THE HAGUE -- Europe's next competition commissioner should be well-prepared to deal with auto retailing issues.
Neelie Kroes is a former Dutch transport minister with strong connections in Brussels and in the European business community. She is a board director of Swedish truckmaker AB Volvo.
Pending approval from the European Parliament, Kroes, 63, will take over from the current commissioner, Mario Monti, on November 1.
"Although she does not have any experience with typical competition matters, she could be the right person for the job," says Arnold Koopmans, vice-president of the Brussels-based European auto dealers association, CECRA.
"She grew up in a business environment, and should understand dealer needs," Koopmans says.
The main automotive issues on Kroes' agenda will concern the new block exemption rules aimed at liberalizing European auto retailing.
Those rules took effect last year and there is still a wide range of problems with their implementation. Under the new rules, automakers have had to relax their hold on dealers and repairers. But many dealers say they continue to be at a disadvantage in their relations with automakers.
CECRA's Koopmans said that when dealers meet with Kroes in early November, they will raise issues such as direct sales by automakers, the high standards imposed by carmakers on dealers, and automakers' role in establishing dealer locations.
Kroes hasn't spoken out on any competition or automotive issues recently. Those who know her say that, as a longtime conservative politician, she will likely stand by her strong free-market convictions.
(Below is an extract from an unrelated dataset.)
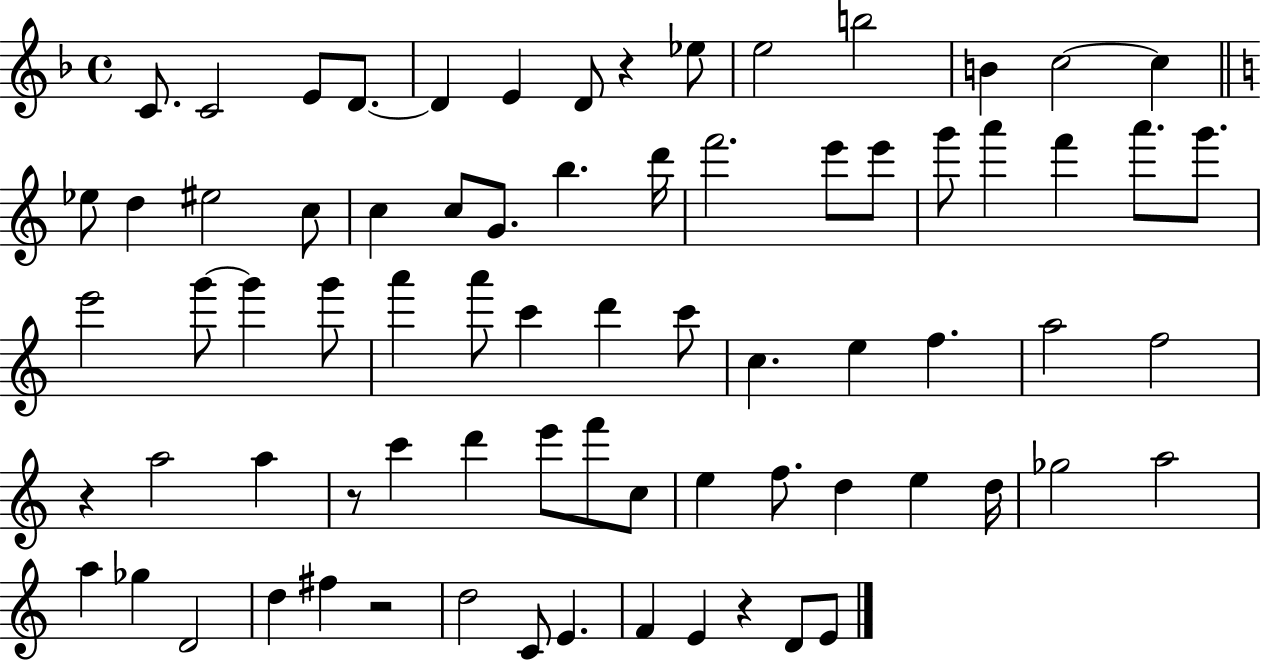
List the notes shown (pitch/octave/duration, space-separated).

C4/e. C4/h E4/e D4/e. D4/q E4/q D4/e R/q Eb5/e E5/h B5/h B4/q C5/h C5/q Eb5/e D5/q EIS5/h C5/e C5/q C5/e G4/e. B5/q. D6/s F6/h. E6/e E6/e G6/e A6/q F6/q A6/e. G6/e. E6/h G6/e G6/q G6/e A6/q A6/e C6/q D6/q C6/e C5/q. E5/q F5/q. A5/h F5/h R/q A5/h A5/q R/e C6/q D6/q E6/e F6/e C5/e E5/q F5/e. D5/q E5/q D5/s Gb5/h A5/h A5/q Gb5/q D4/h D5/q F#5/q R/h D5/h C4/e E4/q. F4/q E4/q R/q D4/e E4/e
In an interview with Dutch newspaper NRC Handelsblad earlier this month, she said: "I entered politics because I had concluded that it would become very difficult for the Netherlands without a free market."
"She knows business life very well and I know Kroes is straight and firm in implementing her mission," said Karel van Miert, who succeeded her as president of the Nijenrode business school. Van Miert was EU competition commissioner from 1994 to 1999.